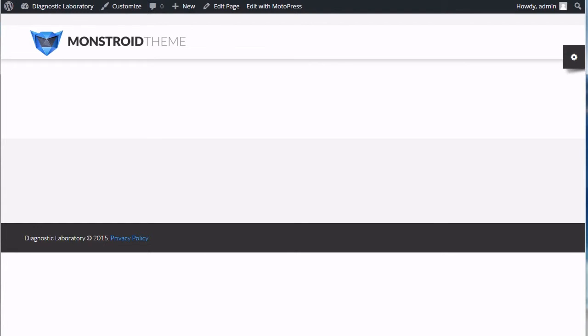This tutorial will show you how to install sample data manually using the Cherry Import Tool in Monstroid template. This is an alternative way of importing sample data if your server isn't configured to run Monstroid Wizard for automatic installation.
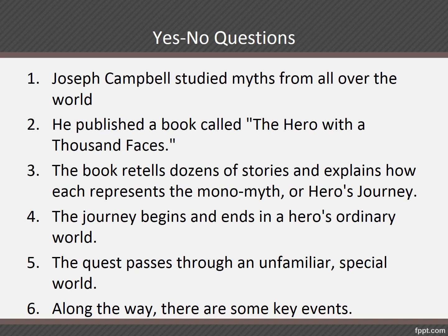Number three: the verbs are 'retells' and 'explains.' The book is singular, so we use 'does.' 'Does the book retell dozens of stories and explain how each represents the monomyth or hero's journey?' Notice I used the base form of 'retells' and 'explains' because both verbs pertain to our subject. However, 'represents' has its own subject — 'each' — that's why you don't need to change it. Number four: 'The journey begins and ends.' Present tense, singular — 'Does the journey begin and end in the hero's ordinary world?' Number five: singular subject, present tense — 'Does the quest pass through an unfamiliar special world?'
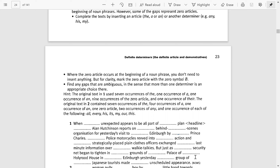What are the ambiguous gaps? The ambiguous gap here is 'behind-the-scenes.' You can actually write it as 'the behind-the-scenes organization' using the definite article, or you can simply write 'behind-the-scenes organization' without any article. So here you have a choice — you can use 'the behind-the-scenes' or simply 'behind-the-scenes organization.'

_TASK DETAILS_:
All lines from the one that contains "Number three: the" through the last line of the data should be retyped exactly, with the pictures left out.

_ANSWER TO THIS PROBLEM_:
Number three: the verbs are 'retells' and 'explains.' The book is singular, so we use 'does.' 'Does the book retell dozens of stories and explain how each represents the monomyth or hero's journey?' Notice I used the base form of 'retells' and 'explains' because both verbs pertain to our subject. However, 'represents' has its own subject — 'each' — that's why you don't need to change it. Number four: 'The journey begins and ends.' Present tense, singular — 'Does the journey begin and end in the hero's ordinary world?' Number five: singular subject, present tense — 'Does the quest pass through an unfamiliar special world?'
What are the ambiguous gaps? The ambiguous gap here is 'behind-the-scenes.' You can actually write it as 'the behind-the-scenes organization' using the definite article, or you can simply write 'behind-the-scenes organization' without any article. So here you have a choice — you can use 'the behind-the-scenes' or simply 'behind-the-scenes organization.'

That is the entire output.